O ministro brasileiro reafirmou, nesse encontro, a disposição do Mercosul de facilitar o ingresso de produtos exportados por economias mais pobres. Essa intenção foi enfatizada no discurso preparado para apresentação na manhã desta quarta-feira na primeira sessão plenária da conferência.

'Esta rodada', segundo Amorim, 'deveria resultar num firme compromisso dos países desenvolvidos de proporcionar acesso livre de tarifas e de cotas a produtos dos países menos desenvolvidos.' O Brasil e seus parceiros do Mercosul, escreveu o ministro, estão preparados para avançar na direção de 'acesso livre de tarifas e de cotas para os menos desenvolvidos, especialmente da África e da América Latina'.

Amorim reafirmou nesse texto que é preciso eliminar ou reduzir todas as formas de subsídios à agricultura e que o comércio agrícola deve ser o centro da Rodada Doha. 'Os países pobres não podem esperar mais 20 anos para ver uma reforma verdadeira do comércio agrícola. Esta é a hora de agir.'

A liberalização comercial, segundo o ministro, ainda não criou prosperidade para todos porque foi desequilibrada, sem que as necessidades diferenciadas dos países pobres fossem consideradas. A deficiência de desenvolvimento, afirmou, resulta em grande parte da deficiência do sistema de comércio agrícola.

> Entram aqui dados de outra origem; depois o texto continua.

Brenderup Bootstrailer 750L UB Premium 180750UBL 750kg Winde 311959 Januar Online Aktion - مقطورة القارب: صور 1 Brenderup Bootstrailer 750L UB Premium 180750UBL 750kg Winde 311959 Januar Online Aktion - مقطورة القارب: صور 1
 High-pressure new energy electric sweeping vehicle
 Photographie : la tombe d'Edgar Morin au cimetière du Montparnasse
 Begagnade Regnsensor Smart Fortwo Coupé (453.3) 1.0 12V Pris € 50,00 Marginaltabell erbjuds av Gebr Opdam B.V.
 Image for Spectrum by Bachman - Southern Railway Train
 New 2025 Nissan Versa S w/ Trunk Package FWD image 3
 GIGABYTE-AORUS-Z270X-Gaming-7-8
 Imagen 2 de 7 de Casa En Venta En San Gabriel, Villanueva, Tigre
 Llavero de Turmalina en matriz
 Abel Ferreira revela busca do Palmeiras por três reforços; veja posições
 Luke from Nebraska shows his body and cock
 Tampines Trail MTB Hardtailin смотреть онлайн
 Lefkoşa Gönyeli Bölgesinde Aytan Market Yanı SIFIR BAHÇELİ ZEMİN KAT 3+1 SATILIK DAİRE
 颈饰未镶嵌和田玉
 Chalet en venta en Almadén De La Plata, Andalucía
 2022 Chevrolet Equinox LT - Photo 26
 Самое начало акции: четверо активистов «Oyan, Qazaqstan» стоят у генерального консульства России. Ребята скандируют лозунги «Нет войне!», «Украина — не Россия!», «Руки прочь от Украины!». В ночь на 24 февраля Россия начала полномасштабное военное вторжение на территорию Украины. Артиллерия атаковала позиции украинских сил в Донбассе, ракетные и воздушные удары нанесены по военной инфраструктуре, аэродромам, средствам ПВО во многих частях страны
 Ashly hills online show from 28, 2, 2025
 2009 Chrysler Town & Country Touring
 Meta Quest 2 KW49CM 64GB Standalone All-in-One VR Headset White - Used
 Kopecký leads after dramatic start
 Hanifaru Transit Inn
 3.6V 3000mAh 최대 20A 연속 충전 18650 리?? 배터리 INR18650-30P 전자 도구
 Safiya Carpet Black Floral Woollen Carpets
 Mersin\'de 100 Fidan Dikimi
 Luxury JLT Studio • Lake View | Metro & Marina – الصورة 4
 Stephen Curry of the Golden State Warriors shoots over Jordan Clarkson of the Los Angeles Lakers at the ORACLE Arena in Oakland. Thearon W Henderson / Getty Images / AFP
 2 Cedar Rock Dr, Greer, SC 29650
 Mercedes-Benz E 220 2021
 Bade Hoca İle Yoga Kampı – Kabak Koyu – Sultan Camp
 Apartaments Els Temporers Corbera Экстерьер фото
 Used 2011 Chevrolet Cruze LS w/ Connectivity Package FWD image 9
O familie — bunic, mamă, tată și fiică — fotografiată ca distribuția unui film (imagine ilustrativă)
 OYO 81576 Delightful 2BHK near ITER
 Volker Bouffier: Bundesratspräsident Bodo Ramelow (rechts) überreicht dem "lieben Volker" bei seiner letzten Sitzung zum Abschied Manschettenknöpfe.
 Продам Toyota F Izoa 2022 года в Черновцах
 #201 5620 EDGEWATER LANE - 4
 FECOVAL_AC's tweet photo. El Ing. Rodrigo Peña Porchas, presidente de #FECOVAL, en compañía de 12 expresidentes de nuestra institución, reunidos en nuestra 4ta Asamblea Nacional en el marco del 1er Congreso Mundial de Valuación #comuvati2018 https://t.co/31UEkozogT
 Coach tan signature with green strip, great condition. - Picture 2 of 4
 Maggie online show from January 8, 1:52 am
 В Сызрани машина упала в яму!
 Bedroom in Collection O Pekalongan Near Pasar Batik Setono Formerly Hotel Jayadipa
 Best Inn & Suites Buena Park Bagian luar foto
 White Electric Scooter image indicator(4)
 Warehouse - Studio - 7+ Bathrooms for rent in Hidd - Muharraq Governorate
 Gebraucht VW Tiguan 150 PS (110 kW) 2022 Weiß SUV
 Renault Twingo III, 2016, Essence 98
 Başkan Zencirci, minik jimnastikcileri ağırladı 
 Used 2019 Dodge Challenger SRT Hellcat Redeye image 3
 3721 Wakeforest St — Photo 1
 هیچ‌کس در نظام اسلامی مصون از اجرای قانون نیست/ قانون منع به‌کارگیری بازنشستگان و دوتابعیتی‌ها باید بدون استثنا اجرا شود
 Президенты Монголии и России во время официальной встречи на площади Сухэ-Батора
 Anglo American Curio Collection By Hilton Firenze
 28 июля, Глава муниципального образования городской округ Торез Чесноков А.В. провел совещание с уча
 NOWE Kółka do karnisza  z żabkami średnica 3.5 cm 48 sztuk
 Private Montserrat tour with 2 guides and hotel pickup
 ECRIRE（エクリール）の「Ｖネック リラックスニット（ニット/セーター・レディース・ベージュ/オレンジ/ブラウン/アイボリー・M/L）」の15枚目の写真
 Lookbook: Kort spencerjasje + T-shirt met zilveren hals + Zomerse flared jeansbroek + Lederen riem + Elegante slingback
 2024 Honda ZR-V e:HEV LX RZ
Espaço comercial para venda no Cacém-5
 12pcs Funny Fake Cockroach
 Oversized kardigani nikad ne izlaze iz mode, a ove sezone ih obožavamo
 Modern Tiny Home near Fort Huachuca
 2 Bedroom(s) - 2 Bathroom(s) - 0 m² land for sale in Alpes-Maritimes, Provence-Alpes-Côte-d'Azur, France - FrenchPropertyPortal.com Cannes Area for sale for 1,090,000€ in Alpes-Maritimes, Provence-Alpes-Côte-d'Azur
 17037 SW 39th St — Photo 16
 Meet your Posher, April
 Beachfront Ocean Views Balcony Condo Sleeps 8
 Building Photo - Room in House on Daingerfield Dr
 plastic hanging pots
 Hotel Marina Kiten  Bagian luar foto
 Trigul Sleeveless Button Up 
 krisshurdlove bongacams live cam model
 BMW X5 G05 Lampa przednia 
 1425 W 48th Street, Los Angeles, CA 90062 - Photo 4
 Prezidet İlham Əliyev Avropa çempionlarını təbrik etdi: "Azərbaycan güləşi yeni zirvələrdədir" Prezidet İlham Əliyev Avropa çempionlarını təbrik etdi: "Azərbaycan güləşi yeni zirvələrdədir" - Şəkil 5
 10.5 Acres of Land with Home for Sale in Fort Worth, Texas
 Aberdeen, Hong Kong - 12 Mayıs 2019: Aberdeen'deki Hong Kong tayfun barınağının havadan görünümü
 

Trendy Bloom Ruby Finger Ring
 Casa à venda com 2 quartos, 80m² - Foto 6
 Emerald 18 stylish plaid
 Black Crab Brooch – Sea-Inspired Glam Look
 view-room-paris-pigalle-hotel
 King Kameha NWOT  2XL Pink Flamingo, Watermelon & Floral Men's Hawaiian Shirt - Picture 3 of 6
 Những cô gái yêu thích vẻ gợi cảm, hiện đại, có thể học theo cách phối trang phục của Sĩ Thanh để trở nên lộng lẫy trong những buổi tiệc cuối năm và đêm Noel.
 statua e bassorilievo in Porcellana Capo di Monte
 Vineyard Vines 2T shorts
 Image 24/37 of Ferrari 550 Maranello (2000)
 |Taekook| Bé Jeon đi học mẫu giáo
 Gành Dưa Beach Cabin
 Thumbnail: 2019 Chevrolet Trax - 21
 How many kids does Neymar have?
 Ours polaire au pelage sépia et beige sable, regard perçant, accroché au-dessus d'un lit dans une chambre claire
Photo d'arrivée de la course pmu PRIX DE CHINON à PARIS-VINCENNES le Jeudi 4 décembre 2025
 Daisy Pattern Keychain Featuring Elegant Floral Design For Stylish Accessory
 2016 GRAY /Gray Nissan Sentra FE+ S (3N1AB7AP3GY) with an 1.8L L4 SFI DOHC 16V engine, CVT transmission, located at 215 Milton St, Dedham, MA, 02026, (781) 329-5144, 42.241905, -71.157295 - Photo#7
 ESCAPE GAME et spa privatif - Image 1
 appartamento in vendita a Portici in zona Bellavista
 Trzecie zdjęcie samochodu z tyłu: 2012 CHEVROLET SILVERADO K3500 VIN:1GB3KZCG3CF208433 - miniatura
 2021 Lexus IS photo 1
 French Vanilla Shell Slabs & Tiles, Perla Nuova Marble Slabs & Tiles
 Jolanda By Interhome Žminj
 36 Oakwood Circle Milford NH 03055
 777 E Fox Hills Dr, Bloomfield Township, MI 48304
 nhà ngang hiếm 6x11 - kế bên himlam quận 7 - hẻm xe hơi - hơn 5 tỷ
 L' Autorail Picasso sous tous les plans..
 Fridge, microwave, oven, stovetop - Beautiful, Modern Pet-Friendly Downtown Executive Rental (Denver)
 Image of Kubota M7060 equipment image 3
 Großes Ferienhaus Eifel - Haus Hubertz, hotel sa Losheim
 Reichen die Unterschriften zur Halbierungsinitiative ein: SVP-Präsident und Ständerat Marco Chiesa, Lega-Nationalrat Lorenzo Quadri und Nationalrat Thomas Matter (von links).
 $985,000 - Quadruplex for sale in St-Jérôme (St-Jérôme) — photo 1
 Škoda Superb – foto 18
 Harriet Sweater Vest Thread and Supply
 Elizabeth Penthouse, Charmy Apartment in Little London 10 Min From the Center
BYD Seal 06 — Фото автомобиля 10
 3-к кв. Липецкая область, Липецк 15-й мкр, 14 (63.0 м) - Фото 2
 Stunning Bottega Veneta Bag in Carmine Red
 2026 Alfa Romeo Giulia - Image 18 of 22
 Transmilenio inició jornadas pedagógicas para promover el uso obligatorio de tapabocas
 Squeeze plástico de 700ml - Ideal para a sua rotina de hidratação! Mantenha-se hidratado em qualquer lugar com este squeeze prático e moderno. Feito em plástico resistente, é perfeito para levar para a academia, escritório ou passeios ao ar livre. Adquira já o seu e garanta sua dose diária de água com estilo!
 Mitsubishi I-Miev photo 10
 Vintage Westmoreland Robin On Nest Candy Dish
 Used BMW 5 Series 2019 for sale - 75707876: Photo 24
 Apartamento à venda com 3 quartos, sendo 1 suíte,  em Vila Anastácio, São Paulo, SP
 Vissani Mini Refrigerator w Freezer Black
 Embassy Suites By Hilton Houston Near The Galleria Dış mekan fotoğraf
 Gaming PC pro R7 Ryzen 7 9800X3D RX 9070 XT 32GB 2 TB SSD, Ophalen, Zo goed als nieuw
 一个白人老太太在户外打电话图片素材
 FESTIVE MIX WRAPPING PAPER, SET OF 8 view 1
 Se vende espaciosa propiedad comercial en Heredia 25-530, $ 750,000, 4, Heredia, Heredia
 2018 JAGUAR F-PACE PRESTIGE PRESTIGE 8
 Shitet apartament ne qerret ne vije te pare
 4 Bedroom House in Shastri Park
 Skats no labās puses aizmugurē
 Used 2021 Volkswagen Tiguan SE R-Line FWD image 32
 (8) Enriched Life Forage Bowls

Agora, acrescentou, 'os países ricos não podem esperar pagamento por fazer o que deveriam ter feito há muito tempo'.

AVANÇOS LIMITADOS

Os avanços nesta conferência serão limitados, admitem os principais negociadores, mas haverá um esforço para evitar um impasse total. Na terça à noite, o secretário de Comércio, Indústria e Tecnologia de Hong Kong, John Tsang, presidente da conferência, comandou a primeira reunião de um grupo selecionado de ministros para desbastar os principais problemas.

Participaram 26 negociadores, em nome de Estados Unidos, União Européia, Brasil, Argentina, México, Costa Rica, China, Índia, África do Sul e outros países representativos de grupos, categorias ou regiões.

Reuniões desse tipo são informais e seu objetivo declarado é facilitar o exame de problemas e o encaminhamento de soluções, tarefa complicadíssima se representantes de todos os países participassem.

Esses encontros são identificados, tradicionalmente, pela expressão 'green room' (sala verde), reminiscência do tempo em que meia dúzia de ministros tomava as decisões principais nas negociações do Acordo Geral de Tarifas e Comércio (Gatt).

As discussões informais se mantêm, mas com participação muito mais ampla. 'Green room, como todos sabem, é algo que não existe', havia dito no discurso inaugural da conferência o diretor-geral da OMC, Pascal Lamy. Todos riram e à noite ele participaria da primeira reunião desse tipo na atual conferência.